DIRECTIONS | Transcribe each line below verbatim; pictures excluded.

DATA TO USE |

----------------------------------------

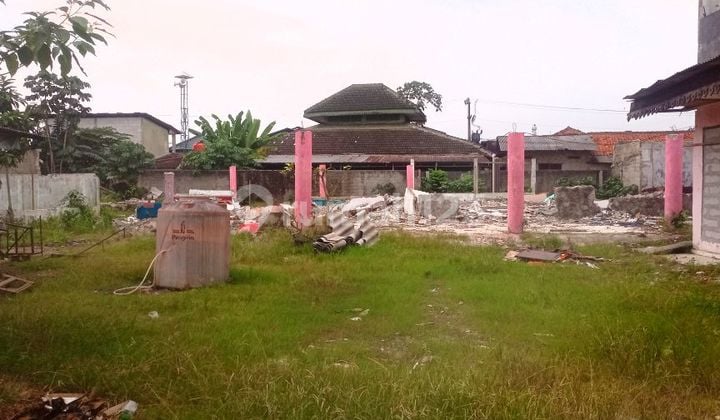 Tanah super murah di area komersial di Jl Raya Bojongsari Depok. Strategis,Akses jalan raya 4 jalur mobil. Cocok utk dibangun gudang, sekolah, perkantoran. 3 menit The Park Mall, Hy Fresh Swalayan, RS Brawijaya,RS Mitra Keluarga,20 menit Toll Gate Pamul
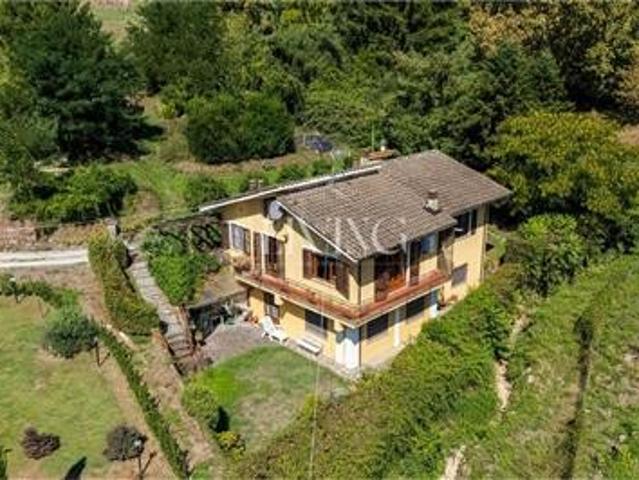 Villa Indipendente in vendita a Valdottavo, Borgo a Mozzano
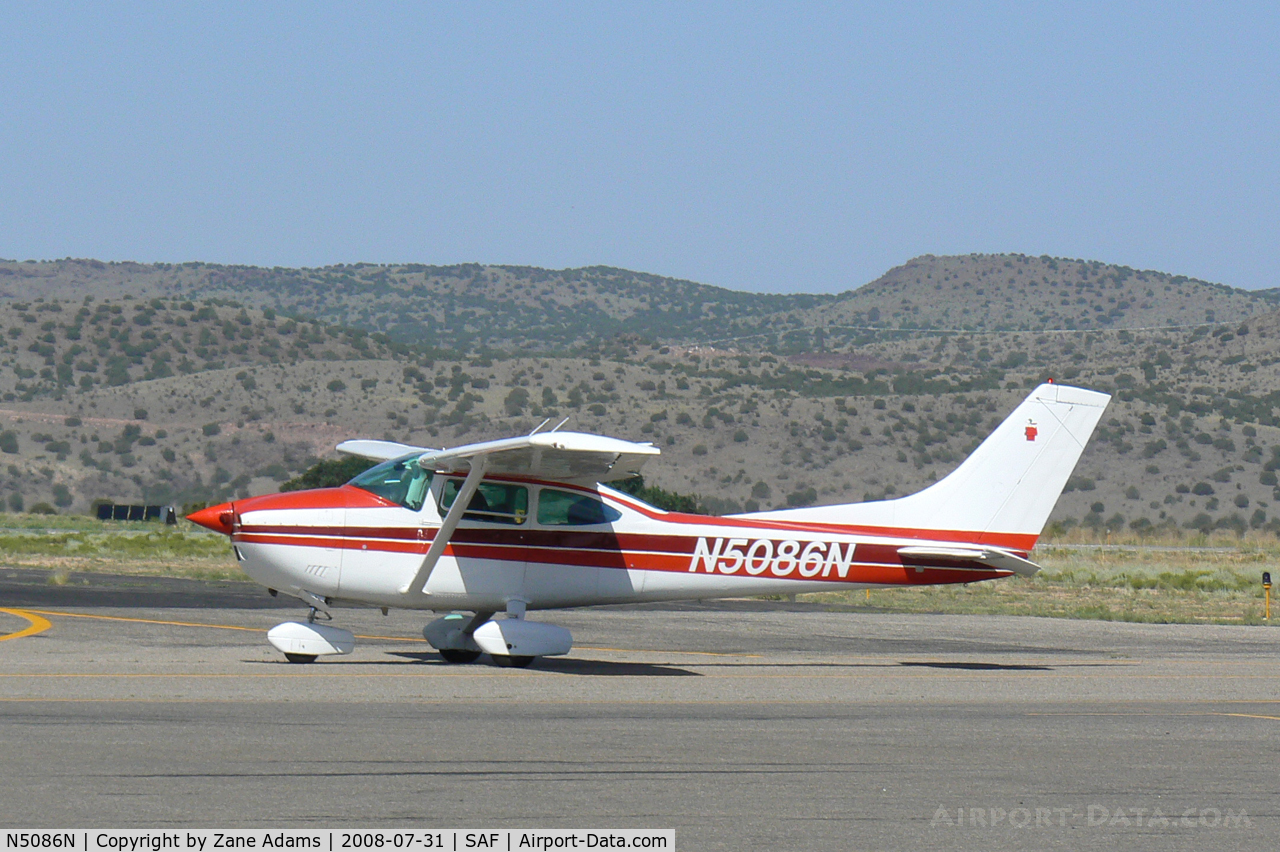 N5086N, 1979 Cessna 182Q Skylane C/N 18267505, At Santa Fe Municipal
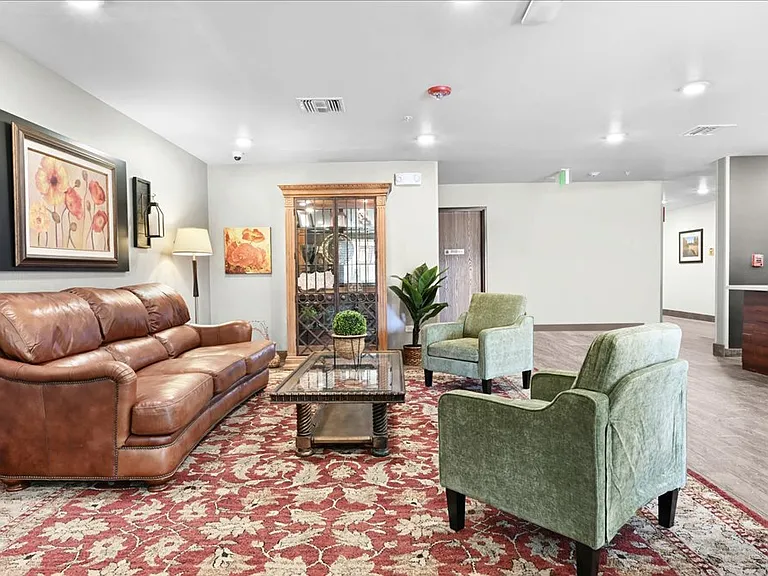 Common area sitting / lounge space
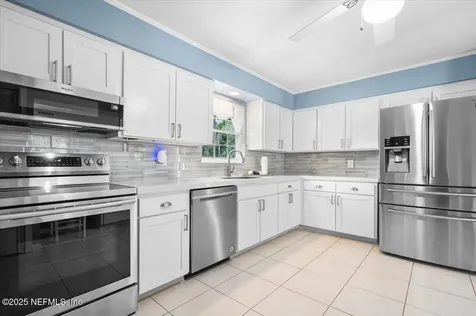2087 Harvard Street Middleburg FL 32068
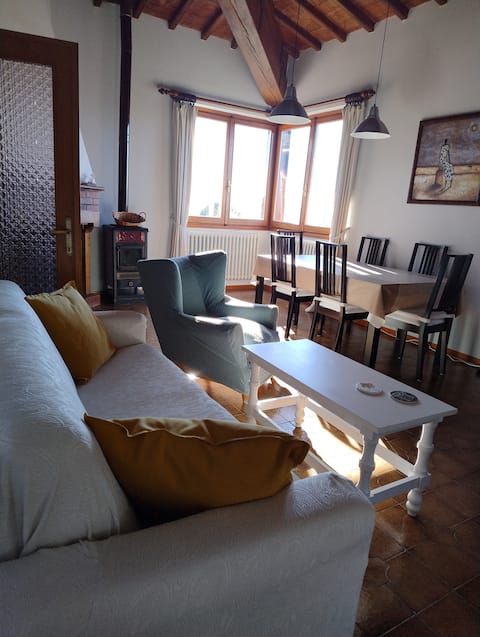 Successful Airbnb property: Cozy panoramic view on Chianti countryside escape in Reggello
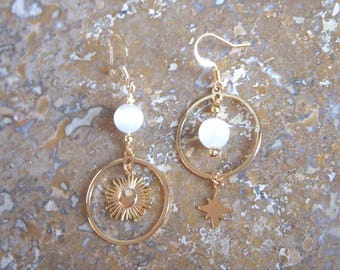 "Bianca" earrings in selenite and gold, dangling and asymmetrical sun and star design. Original white earring. Christmas gift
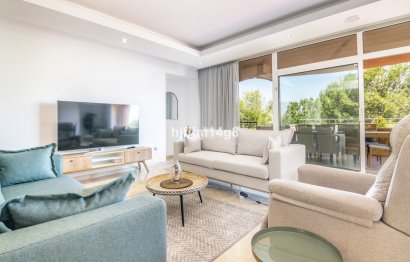 Resale - Apartment - Middle Floor Apartment - Marbella - Nueva Andalucia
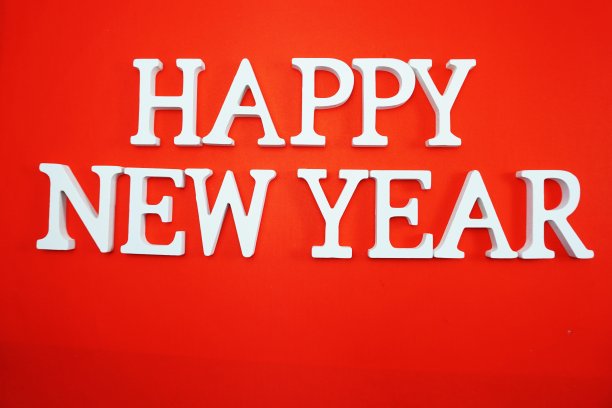 新年快乐字母在红色的背景图片下载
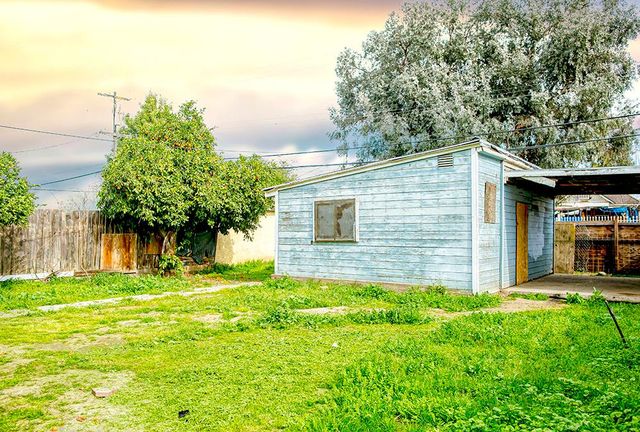 446 N Clark Street, Fresno, CA 93701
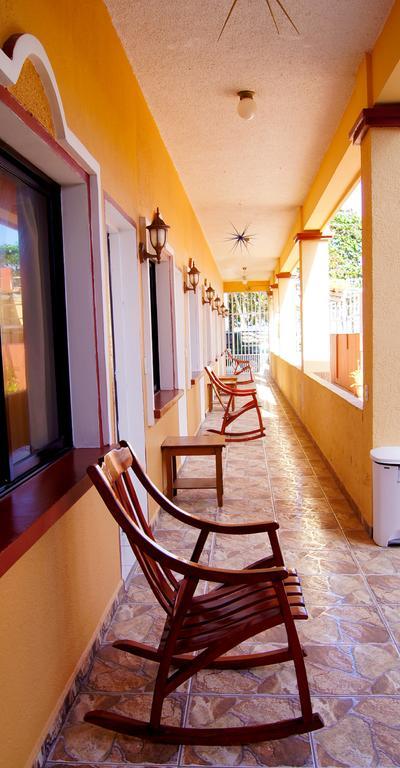 Uw Oasis Hotel La Ceiba Bagian luar foto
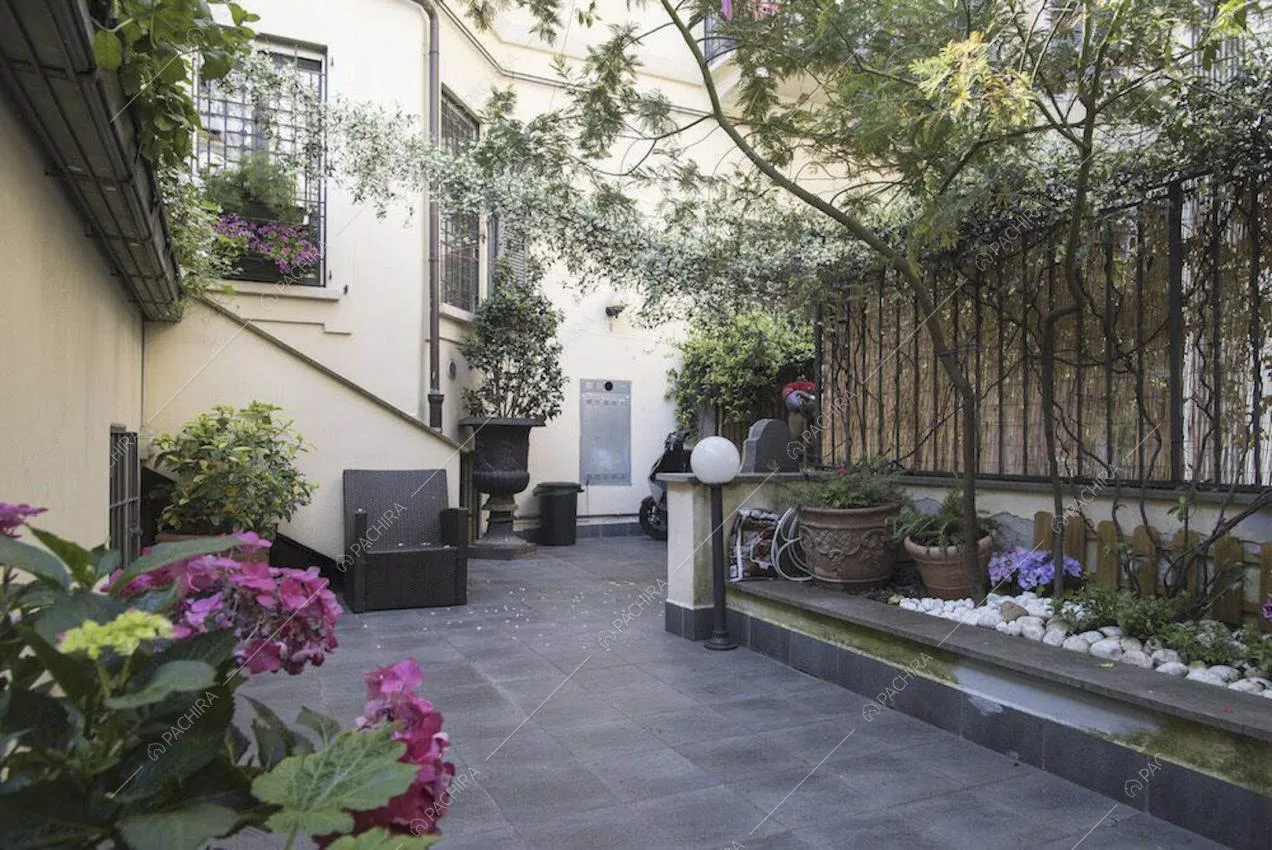 Cortile con fiori e piante all'esterno della Location Blenda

----------------------------------------

SOLVED EXERCISE |
 Tanah super murah di area komersial di Jl Raya Bojongsari Depok. Strategis,Akses jalan raya 4 jalur mobil. Cocok utk dibangun gudang, sekolah, perkantoran. 3 menit The Park Mall, Hy Fresh Swalayan, RS Brawijaya,RS Mitra Keluarga,20 menit Toll Gate Pamul
 Villa Indipendente in vendita a Valdottavo, Borgo a Mozzano
 N5086N, 1979 Cessna 182Q Skylane C/N 18267505, At Santa Fe Municipal
 Common area sitting / lounge space
2087 Harvard Street Middleburg FL 32068
 Successful Airbnb property: Cozy panoramic view on Chianti countryside escape in Reggello
 "Bianca" earrings in selenite and gold, dangling and asymmetrical sun and star design. Original white earring. Christmas gift
 Resale - Apartment - Middle Floor Apartment - Marbella - Nueva Andalucia
 新年快乐字母在红色的背景图片下载
 446 N Clark Street, Fresno, CA 93701
 Uw Oasis Hotel La Ceiba Bagian luar foto
 Cortile con fiori e piante all'esterno della Location Blenda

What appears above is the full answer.